To address this limitation, we studied 36 patients who had renal biopsies for acute kidney injury (AKI) for suspicion of vancomycin nephrotoxicity. Detailed renal biopsy evaluation, meticulous evaluation of clinical profiles, and up-to-date follow-up allowed for a diagnostic categorization of vancomycin nephrotoxicity (VNT) in 25 patients and absence of vancomycin nephrotoxicity (NO-VNT) in 11 patients. For careful comparison of these two groups, we proceeded to compile a clinicopathologic and morphologic profiles characteristic for each group.

RESULTS

Patients with VNT had a characteristic clinical profile including a common clinical background, a high serum trough level of vancomycin, a rapidly developed and severe acute kidney injury, and a recovery of renal function often shortly after discontinuation of vancomycin. This clinical course was correlated with characteristic renal biopsy findings including acute tubulointerstitial nephritis of allergic type, frequent granulomatous inflammation, concomitant and pronounced acute tubular necrosis of nephrotoxic type, and vancomycin casts, in the absence of significant tubular atrophy and interstitial fibrosis. This clinico-pathologic profile was different from that of patients with NO-VNT, highlighting its role in the diagnosis, management and pathogenetic exploration of vancomycin nephrotoxicity.

CONCLUSION

Vancomycin nephrotoxicity has a distinctive morphologic and clinical profile, which should facilitate diagnosis, guide treatment and prognostication, and confer pathogenetic insights.

摘要

简介

万古霉素是一种常用的抗生素,尤其适用于治疗多重耐药感染,但它具有肾毒性。
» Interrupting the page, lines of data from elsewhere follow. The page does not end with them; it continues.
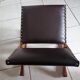 Vintage rocking footrests in wood and faux leather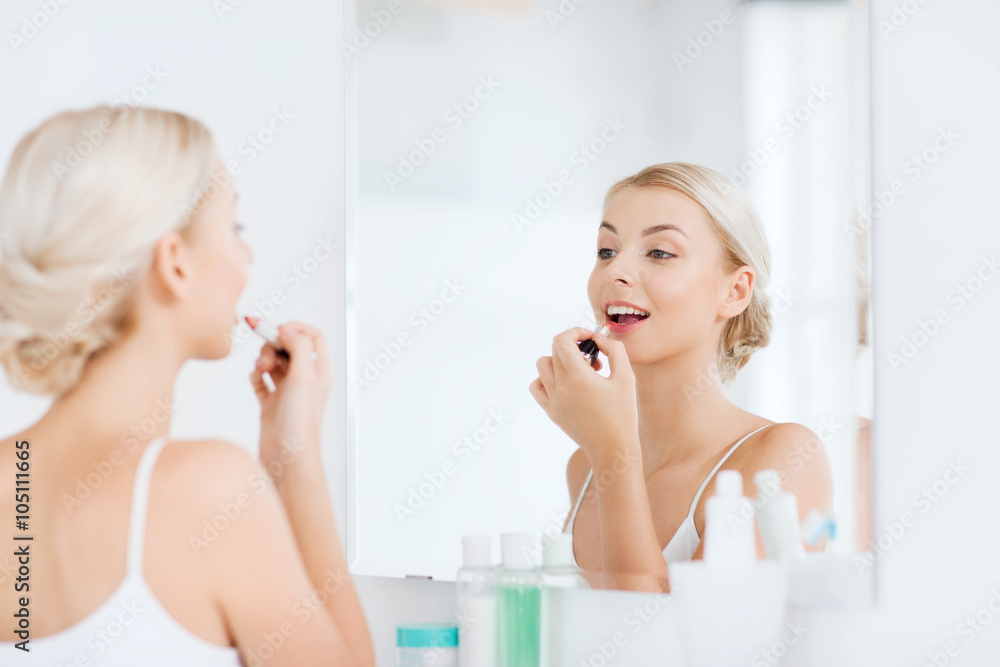 Wall mural woman with lipstick applying make up at bathroom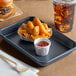 A Baker's Mark aluminum tray with fries and a drink on a table.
尽管万古霉素的使用非常普遍,但人们对其肾毒性的临床病理特征和发病机制仍知之甚少。临床研究纳入的患者通常合并严重的合并症和多种药物治疗,这使得因果发病机制变得复杂。动物模型无法再现这种复杂的临床情况。肾脏活检也未常规进行。

方法

为了解决这一限制,我们研究了 36 名因怀疑万古霉素肾毒性而接受急性肾损伤(AKI)肾脏活检的患者。详细的肾脏活检评估、对临床特征的细致评估以及最新的随访,使 25 名患者被诊断为万古霉素肾毒性(VNT),11 名患者被诊断为无万古霉素肾毒性(NO-VNT)。为了仔细比较这两组患者,我们继续编写了一组具有各自特征的临床病理和形态学特征。

结果

VNT 患者具有特征性的临床特征,包括常见的临床背景、较高的万古霉素谷浓度、迅速发展和严重的急性肾损伤,以及在停用万古霉素后肾功能通常很快恢复。这一临床过程与特征性的肾脏活检发现相关,包括过敏型急性肾小管间质性肾炎、频繁的肉芽肿性炎症、同时存在且明显的肾毒性急性肾小管坏死以及万古霉素管型,而无明显的肾小管萎缩和间质纤维化。这种临床病理特征与无 VNT 的患者不同,强调了其在万古霉素肾毒性的诊断、治疗和发病机制探索中的作用。

结论

万古霉素肾毒性具有独特的形态和临床特征,这有助于诊断、指导治疗和预后判断,并提供发病机制的见解。